I obtained a large csv file that I needed to open in Excel. The file had a total of 300,000 rows, so every time I tried to open it in Excel I would get the error: “File not loaded completely”. Excel has a limit of being able to handle only 65,536 rows in each sheet (what a strange number!). So if you have a csv file that has more rows than that, you’re in a bit of trouble. This is the help message that Excel gives you:
This error is usually encountered when an attempt to open a file with more than 65,536 rows or 256 columns is made. Excel is limited to 65,536 rows of data and 256 columns per worksheet. You can have many worksheets with this number of rows and columns, but they are usually capable of fitting into one workbook (file). The number of worksheets you can have per workbook is limited only by the amount of available memory your system has. By default, Excel can manage 3 worksheets, more if there is available memory to support the quantity of data.
Truncation of rows or columns in excess of the limit is automatic and is not configurable. This issue can usually be remedied by opening the source file with a text editor, such as Microsoft Office Word, and then saving the file off into multiple files with row or column counts within the limits of an Excel worksheet. These files can then be opened or imported into Excel worksheets.
If you are using a data format that does not support use of a text editor, it may be easier to import the data into Microsoft Office Access and then use the export feature of Access to import the data to an Excel format.

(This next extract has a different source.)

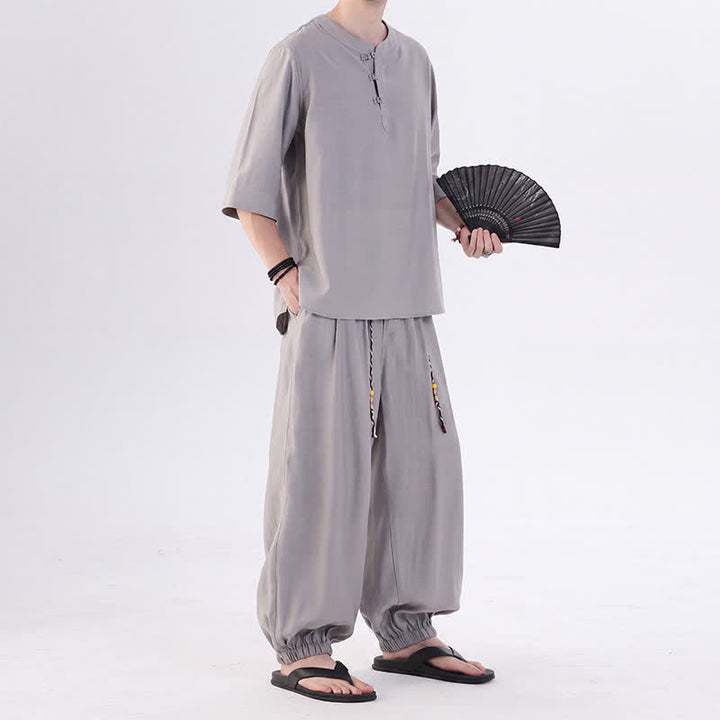 Buddha Stones Spring Summer Tang Style Frog Button Solid Elbow-Length Sleeve Shirt Pants Men's Meditation Cloth With Pocket - image 16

Other methods of importing large source material into multiple worksheets are available, but may be more complex than using either a text editor or Access.
I was not in the mood to open up my csv file and start copying and pasting, so off I went to my old friend Google, and after some searching I found a program that was written for the express purpose of splitting large csv files into smaller, more manageable ones, and it worked perfectly for me. I was able to split my csv file of 300,000 rows into 5 files of 60,000 rows each in a flash and then open each of these files individually in Excel and play with them to my heart’s content.
The program is easy to run. You click on the exe file, named, ofcourse, csvsplitter.exe; it opens a little dialog box asking you how many rows you want in the individual pieces. When making your selection, remember to keep it under 65,536 if you’re going to be working in Excel! The default value is 50,000. You can also specify the maximum number of pieces you want. Hit Browse to select your file, check your settings, and click on Split Now! and voila, out come your csv files split into manageable pieces!
It’s a handy little utility to have in your collection, and you can get it at the creator’s website.
To download the file, you will need to register an account in the forums (it’s free to register), and then navigate to the tools and utilities thread. Click here for the thread where you can download the file .
The creator of this tool has been kind enough to share it freely, so please respect his request and don’t mirror this download on any other sites or offer it for download anywhere else without the owner’s express permission. If anyone wants to download it please direct them to the FXFisherman website.
OK, that’s it for now… I will be talking about my PHP progress soon!!